Remember when privacy was a thing? No? Oh, ok then.
But people used to have some concern about having their location and whereabouts monitored by companies and governments.
I guess this information was used for evil-doing at least once in history? Whatever, who cares, let’s gather data and make an app!
Have you ever been blindsided by an in-retrospect-obvious event, like a firing (or even just a passing-over for a promotion) at work, or a seemingly-sudden breakup?
Using the power of OMNIPRESENT CORPORATE SURVEILLANCE, we can create a new program, which we will call Big Brother 2, that does the following:
- Reads all your email (like most email provides already do).
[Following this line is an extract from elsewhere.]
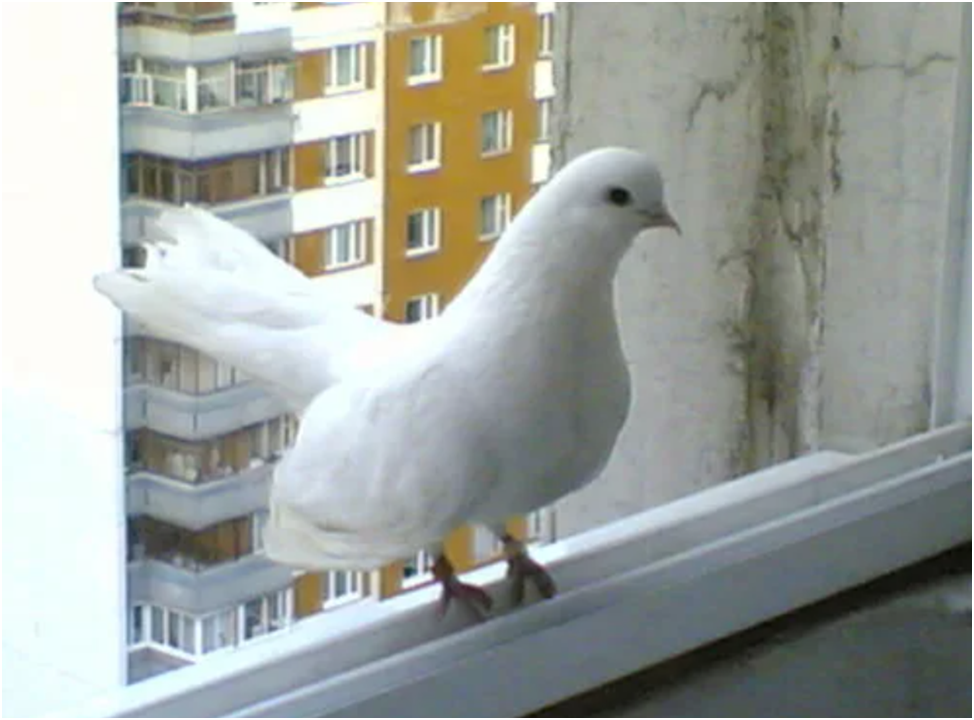 К чему на балкон прилетел. Голубь на подоконнике. Белый голубь за окном. Голубка на окне. Белые голуби на окна.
- Reads all your text messages and any transcribed voicemails.
- Examines your online purchasing habits.
- Checks your location history and that of your friends.
- Checks to see if you are associating with any subversive individuals or organizations.
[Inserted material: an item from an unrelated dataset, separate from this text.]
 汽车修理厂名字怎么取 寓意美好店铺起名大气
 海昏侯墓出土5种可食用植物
- Analyzes your photos and categorizes their content.
Monitors your mood by reading your posts on social media.
- Optionally listens in to your conversations, if you are in a place where this is legal.
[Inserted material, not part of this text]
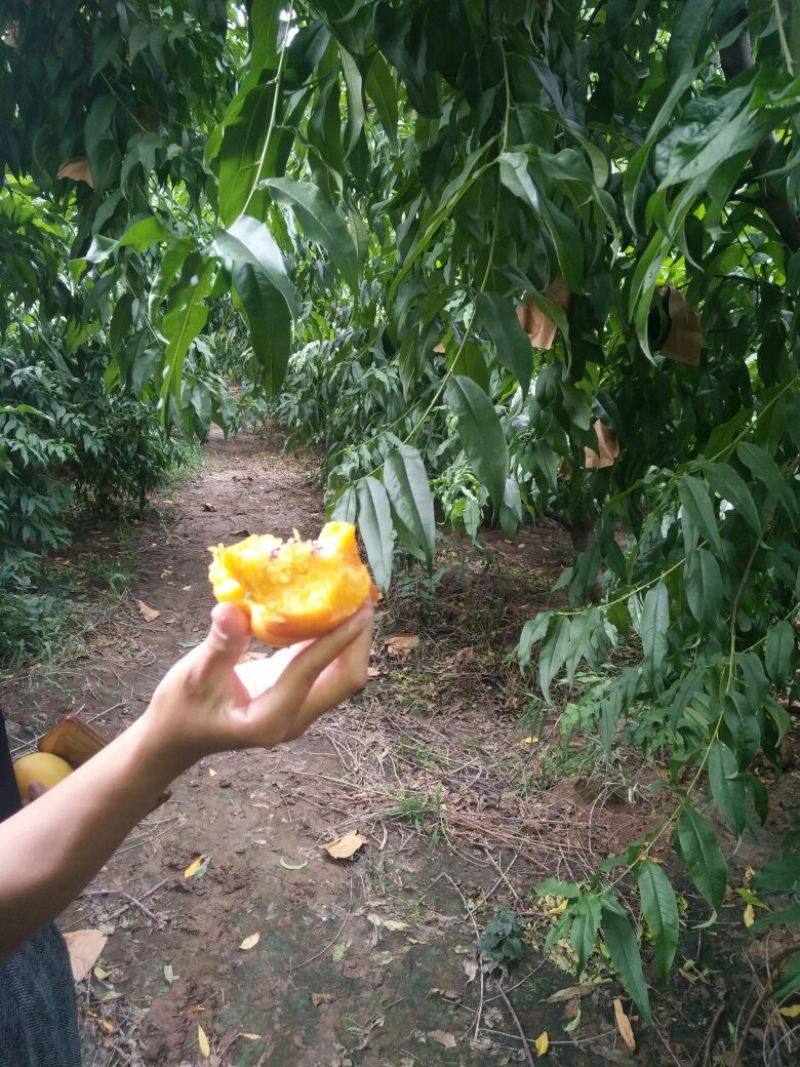 中油8号黄油桃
Big Brother 2 will collect this data from thousands or millions of users, and—using advanced and overhyped machine-learning techniques—it will figure out what kinds of warning signs preceded various life events.
Then it can forewarn you of danger in your own life!
- Dating (Figure 1): Two people are dating and their messaging steadily becomes less frequent and more negative. Big Brother 2 can extrapolate their breakup date and (optionally) start preemptively saving flattering photos of those users for their upcoming dating profiles.
- Employment (Figure 2): Someone’s boss mentions “outsourcing” and then communication rapidly drops off. Big Brother 2 can recommend some resume-preparation services for that employee.
Silicon Valley entrepreneurs: hire me to develop this project. Thanks in advance.
PROS: Could reduce the likelihood of snakebite.
CONS: May result in “Logan’s Run”-esque scenarios where the system determines that a person has negative value, and then the user’s phone starts plotting to murder the user (see historical example from Episode #270 of The Simpsons). If this occurs, it is an example of a bad optimization function, and should be fixed in the next update.